One important area of application is when one cannot change batteries of simple devices which may also be difficult to connect to the mains for their power needs. In such cases, the autonomous systems will have to harvest energy locally from ambient sources such as vibrations, heat or light, and energy leakage from temporary storage units, such as rechargeable batteries or capacitors, will also be a problem.

This paper analyses the performance of such systems that are devoted to gathering data and transmitting it, and which use energy harvesting for their operation. We have proposed a mathematical model to analyse the performance of such systems in the presence of a random source of energy, a random source of data, and random energy leakage. The equilibrium between random energy, random data and random leakage results in an interesting performance analysis of these small but ubiquitous systems.
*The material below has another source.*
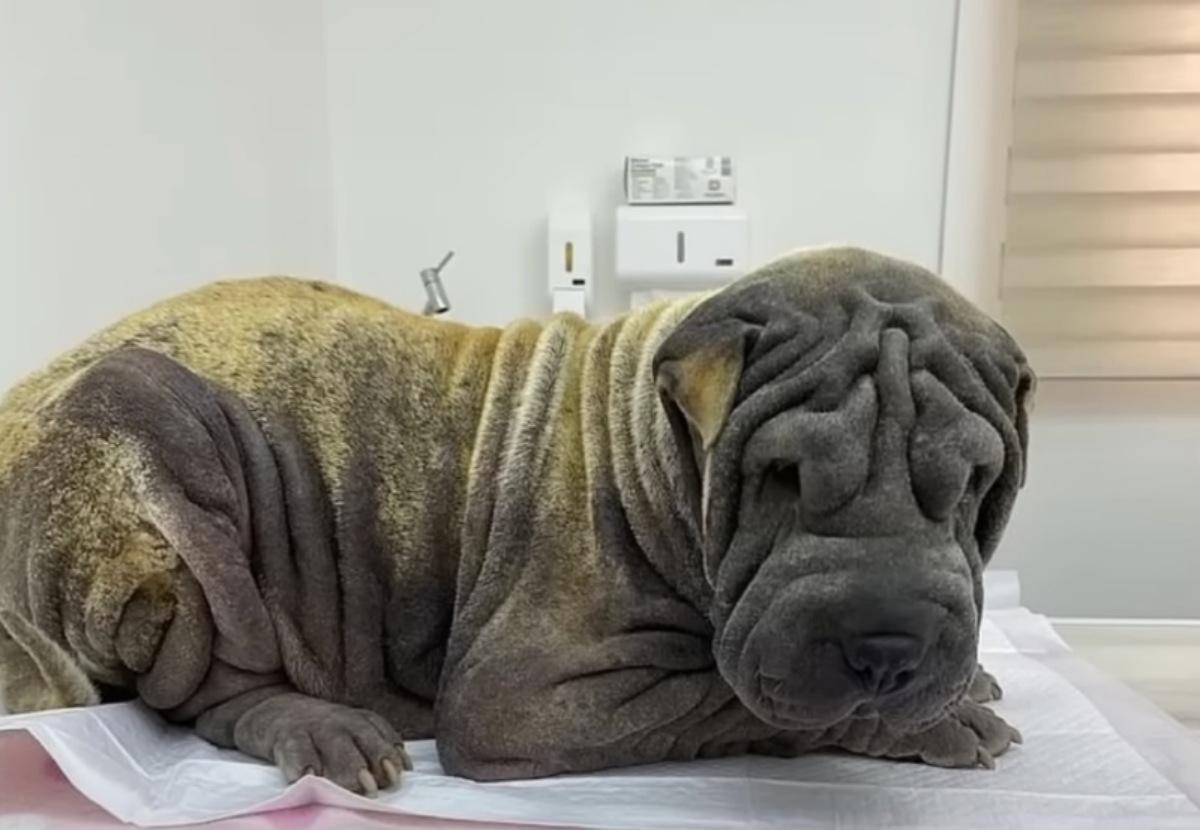 Thanks to her remarkable recovery, it wa...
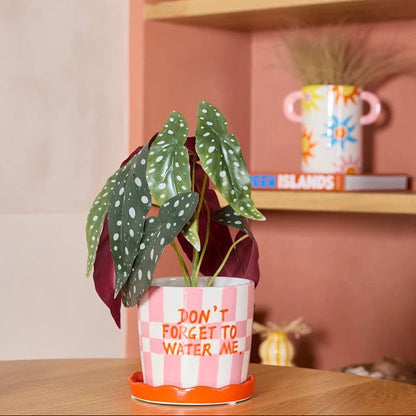 Pot fleurs water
A preliminary discussion has also been given about how transmission errors can be included in the model.

Future work will have to incorporate the actual transmission scheme, including noise and interference, to better understand the optimum autonomous performance of such systems.